Photos of the beautiful scenery, buildings, philosophical notes in toilets, fellow travellers are recorded.
Leaving the gite we immediately went the wrong way. Doubled back and then missed a turning. We ended up walking along a main road, tempted to do so by red and white bollards. Small red and white signs direct walkers along the Camino. Feeling very silly, realising our error, we walked for a few km on the road before taking a path back to the official Camino path to Monistrol D’Allier.
Next stop was a delightful corner in a village with a boulangerie and a bar. Nice thing about France: you can sit outside with a beer from the bar and eat the food you’ve bought elsewhere. Far better than English etiquette, that prevents such a heinous crime.
Met a happy group of seven or eight young men being led by a Catholic ‘father’ dressed in a long black cassock and a young Franciscan in his brown robes and ropes, who gave us a professional blessing at the chapel high up on a rock at Rochegude.
And on to impressive Monistrol D’Allier. Impressive due to a series of bridges allowing transport and people to cross deep ravines, looking down to a winding river…and a beach dotted with people.
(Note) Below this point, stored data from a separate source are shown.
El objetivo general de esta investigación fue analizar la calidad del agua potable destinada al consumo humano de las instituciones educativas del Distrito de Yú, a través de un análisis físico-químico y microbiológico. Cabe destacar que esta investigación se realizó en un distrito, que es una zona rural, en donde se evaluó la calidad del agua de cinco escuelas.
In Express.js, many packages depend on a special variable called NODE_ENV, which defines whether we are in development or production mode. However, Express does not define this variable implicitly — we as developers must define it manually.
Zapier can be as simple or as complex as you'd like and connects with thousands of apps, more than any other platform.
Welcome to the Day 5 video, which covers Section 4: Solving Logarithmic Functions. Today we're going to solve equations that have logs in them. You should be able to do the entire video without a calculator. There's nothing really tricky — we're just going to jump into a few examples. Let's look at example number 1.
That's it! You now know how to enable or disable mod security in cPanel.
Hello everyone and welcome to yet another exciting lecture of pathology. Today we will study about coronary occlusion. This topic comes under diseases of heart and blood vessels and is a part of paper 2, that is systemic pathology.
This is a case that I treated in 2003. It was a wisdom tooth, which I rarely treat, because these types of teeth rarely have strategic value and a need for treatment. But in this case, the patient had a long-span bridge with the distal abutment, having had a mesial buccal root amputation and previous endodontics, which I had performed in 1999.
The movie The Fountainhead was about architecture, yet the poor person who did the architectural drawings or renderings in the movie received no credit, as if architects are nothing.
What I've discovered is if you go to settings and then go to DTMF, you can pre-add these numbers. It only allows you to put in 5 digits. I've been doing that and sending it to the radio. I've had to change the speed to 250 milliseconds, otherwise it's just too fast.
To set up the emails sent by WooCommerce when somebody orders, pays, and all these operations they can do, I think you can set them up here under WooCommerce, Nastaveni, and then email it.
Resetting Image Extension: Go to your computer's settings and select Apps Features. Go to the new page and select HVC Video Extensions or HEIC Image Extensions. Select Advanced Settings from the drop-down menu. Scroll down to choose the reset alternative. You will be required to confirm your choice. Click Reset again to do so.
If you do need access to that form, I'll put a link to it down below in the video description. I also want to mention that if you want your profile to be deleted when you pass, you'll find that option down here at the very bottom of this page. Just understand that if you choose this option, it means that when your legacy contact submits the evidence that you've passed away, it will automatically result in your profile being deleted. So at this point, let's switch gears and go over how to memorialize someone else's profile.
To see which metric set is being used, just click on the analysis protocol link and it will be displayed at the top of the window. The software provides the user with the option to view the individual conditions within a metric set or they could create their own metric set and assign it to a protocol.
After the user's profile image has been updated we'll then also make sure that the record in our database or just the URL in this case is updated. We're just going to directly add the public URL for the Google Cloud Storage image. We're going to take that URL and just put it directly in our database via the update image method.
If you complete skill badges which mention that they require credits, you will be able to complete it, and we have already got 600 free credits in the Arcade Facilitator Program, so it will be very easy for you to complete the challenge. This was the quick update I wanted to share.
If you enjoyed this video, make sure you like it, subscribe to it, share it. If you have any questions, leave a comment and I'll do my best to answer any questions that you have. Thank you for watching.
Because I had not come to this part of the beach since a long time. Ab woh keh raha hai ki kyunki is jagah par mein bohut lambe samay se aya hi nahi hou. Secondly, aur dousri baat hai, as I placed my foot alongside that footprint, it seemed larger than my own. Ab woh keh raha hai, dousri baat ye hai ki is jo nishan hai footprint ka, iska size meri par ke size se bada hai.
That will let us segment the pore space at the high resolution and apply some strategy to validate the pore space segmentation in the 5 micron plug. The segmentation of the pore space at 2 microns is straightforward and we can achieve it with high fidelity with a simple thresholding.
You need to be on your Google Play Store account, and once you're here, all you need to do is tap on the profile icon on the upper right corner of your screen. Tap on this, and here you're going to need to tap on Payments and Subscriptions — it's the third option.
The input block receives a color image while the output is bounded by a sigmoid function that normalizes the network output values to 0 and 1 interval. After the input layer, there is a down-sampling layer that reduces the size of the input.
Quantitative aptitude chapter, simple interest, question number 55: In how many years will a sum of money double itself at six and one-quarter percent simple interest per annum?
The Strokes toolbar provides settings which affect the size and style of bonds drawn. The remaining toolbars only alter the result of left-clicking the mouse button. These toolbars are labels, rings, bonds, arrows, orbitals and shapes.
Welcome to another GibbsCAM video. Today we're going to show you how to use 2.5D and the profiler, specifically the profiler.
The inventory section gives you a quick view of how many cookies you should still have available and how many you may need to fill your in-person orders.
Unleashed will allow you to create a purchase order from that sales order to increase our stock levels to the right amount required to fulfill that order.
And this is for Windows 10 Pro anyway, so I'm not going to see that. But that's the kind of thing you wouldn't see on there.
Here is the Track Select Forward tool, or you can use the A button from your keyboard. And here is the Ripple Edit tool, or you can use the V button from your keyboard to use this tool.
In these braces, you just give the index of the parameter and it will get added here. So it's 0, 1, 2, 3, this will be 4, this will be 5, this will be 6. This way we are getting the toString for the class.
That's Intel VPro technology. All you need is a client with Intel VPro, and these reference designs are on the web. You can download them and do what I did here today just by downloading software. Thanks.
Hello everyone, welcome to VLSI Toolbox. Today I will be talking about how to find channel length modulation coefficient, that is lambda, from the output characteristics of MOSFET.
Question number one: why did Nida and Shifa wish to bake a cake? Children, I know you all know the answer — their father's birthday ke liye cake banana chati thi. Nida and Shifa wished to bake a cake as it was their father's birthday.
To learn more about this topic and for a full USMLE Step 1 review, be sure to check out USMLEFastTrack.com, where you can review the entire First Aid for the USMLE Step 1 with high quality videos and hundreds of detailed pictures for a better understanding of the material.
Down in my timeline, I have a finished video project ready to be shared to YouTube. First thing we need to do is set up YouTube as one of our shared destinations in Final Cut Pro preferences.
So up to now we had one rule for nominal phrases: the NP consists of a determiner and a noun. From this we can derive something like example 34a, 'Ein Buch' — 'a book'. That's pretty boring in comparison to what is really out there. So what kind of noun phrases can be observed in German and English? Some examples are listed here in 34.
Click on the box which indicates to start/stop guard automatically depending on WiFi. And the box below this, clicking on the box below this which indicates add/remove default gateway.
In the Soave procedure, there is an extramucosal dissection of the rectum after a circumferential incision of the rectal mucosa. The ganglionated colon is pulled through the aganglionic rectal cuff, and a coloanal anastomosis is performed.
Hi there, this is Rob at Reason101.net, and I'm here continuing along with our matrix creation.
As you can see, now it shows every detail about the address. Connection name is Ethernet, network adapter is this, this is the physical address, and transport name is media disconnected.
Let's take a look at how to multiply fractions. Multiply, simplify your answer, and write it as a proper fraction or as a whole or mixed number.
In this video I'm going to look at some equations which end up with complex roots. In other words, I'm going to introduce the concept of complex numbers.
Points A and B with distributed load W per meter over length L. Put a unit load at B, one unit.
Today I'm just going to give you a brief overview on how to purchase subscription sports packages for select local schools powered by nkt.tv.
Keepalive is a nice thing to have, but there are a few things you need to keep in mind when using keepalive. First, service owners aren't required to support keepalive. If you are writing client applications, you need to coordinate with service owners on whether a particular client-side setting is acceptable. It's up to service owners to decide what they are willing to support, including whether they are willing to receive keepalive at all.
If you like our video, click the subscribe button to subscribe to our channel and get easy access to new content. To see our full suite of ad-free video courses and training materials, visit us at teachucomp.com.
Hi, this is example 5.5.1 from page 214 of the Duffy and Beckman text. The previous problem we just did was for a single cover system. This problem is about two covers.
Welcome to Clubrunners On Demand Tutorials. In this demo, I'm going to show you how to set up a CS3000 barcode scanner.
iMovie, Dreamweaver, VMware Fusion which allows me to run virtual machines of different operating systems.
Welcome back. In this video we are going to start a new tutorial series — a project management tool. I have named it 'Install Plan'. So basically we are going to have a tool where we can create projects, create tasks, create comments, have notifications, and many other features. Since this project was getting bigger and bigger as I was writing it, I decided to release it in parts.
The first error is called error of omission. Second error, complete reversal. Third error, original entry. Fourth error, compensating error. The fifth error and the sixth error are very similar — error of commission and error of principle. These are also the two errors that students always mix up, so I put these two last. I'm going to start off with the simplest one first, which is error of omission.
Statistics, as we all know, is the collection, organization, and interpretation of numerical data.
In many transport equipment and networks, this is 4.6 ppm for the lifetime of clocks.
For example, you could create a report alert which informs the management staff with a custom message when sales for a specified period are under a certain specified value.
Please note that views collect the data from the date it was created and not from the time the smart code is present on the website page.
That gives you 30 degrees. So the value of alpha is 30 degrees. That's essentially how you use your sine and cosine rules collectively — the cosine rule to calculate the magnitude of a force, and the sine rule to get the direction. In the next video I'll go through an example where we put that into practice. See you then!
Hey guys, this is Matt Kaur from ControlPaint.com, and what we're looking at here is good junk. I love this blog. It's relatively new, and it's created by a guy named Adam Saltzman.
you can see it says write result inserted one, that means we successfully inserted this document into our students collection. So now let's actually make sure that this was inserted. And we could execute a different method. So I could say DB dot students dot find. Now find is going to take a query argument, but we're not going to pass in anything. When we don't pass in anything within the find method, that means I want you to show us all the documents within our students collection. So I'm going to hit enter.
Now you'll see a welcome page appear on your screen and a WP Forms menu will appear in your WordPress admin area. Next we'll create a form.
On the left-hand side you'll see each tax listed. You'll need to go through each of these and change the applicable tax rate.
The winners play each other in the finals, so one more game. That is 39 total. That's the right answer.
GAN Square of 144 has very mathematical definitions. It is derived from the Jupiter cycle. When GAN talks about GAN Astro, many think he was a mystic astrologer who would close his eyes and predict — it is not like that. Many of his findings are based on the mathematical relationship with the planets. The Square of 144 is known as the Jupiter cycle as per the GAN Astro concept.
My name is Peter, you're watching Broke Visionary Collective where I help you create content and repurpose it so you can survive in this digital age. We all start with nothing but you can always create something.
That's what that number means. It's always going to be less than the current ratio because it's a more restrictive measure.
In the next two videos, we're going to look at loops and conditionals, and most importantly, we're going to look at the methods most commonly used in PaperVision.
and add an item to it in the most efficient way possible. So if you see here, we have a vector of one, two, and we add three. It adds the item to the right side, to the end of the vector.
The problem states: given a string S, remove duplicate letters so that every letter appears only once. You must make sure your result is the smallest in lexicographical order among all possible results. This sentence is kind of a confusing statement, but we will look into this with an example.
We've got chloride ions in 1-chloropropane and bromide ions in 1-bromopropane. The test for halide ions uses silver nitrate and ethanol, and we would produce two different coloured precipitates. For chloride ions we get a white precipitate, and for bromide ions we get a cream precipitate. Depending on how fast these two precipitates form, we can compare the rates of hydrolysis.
Walking across the iron bridge constructed by Eiffel, we arrived at ‘Le Repos du Pelerin’ gite and were shown to our room. Rucksacks are not to be left in rooms, so we unpack the minimum and put rucksacks in an outer hallway, strip down to shorts, and head off to the river for a swim. It’s difficult to convey just how refreshing it is after pouring with sweat mile after mile to immerse oneself in a flowing river and swim. The water is cool; not freezing.
Back to the gite for the evening meal at 7. Six of us who had crossed on the route shared a bottle of wine and endless chatter, sometimes theological – Philip Junior, being a recent convert, challenging the agnosticism of Philip Senior with onlookers making their own contributions. Most comments seem to be about man searching for God. I posed the alternative; that God is searching for us, and it is us that attempt to hide.
As darkness fell, the evening came to a close.